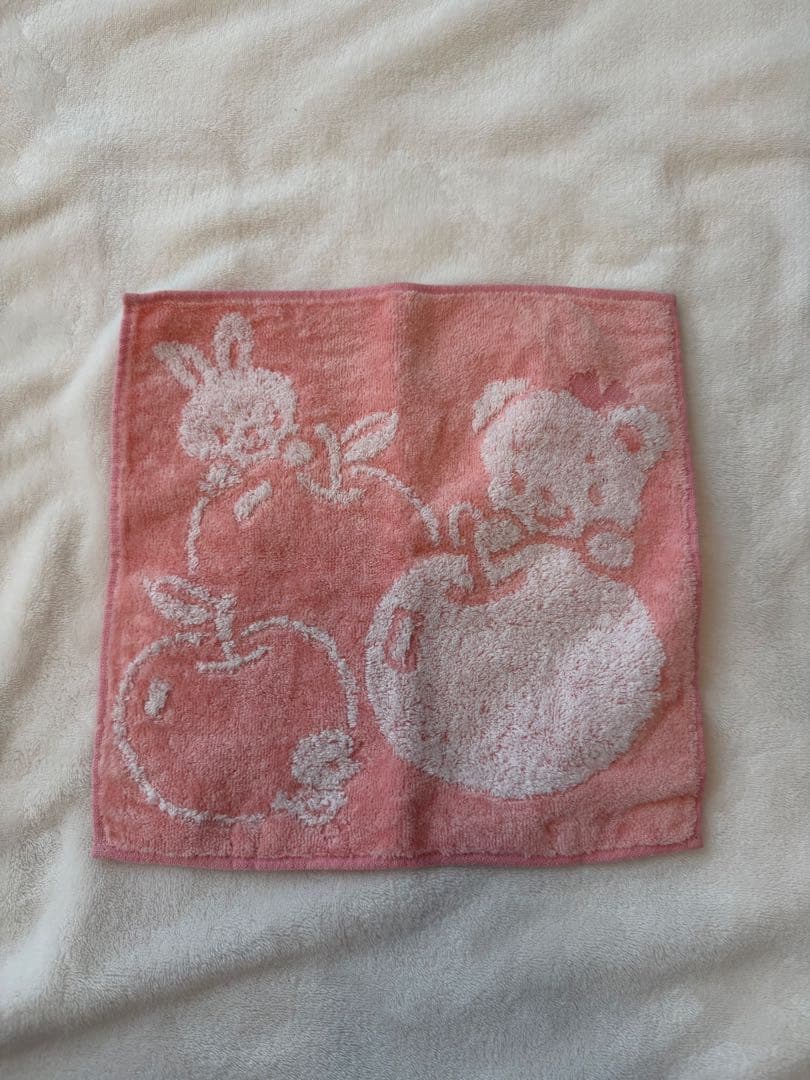 【バラ売り可1枚1500円】FEILER フェイラー　familiar ハンカチ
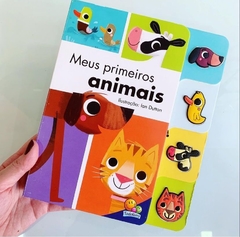 Meus primeiros animais - Livro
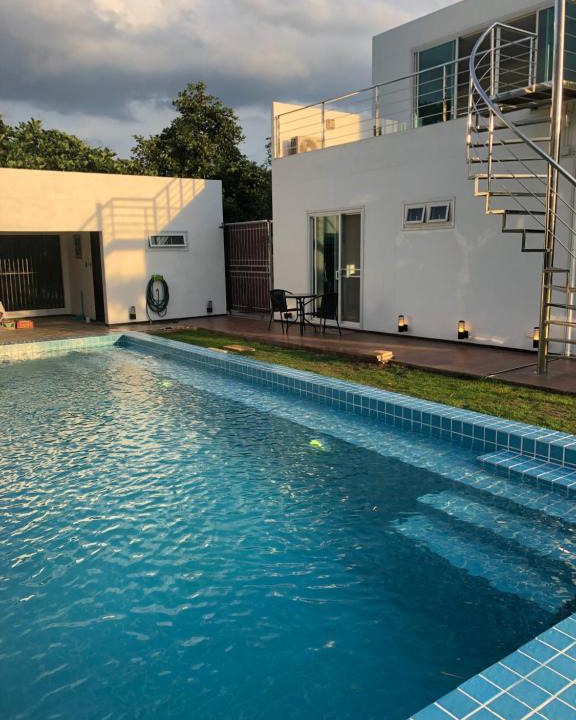 Chiang Khan House | Chiang Khan Riverside Pool Villa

**WHAT THE EXERCISE ASKS**
Would you mind transcribing the material exactly, without the pictures?

**PROBLEM SOLUTION**
 【バラ売り可1枚1500円】FEILER フェイラー　familiar ハンカチ
 Meus primeiros animais - Livro
 Chiang Khan House | Chiang Khan Riverside Pool Villa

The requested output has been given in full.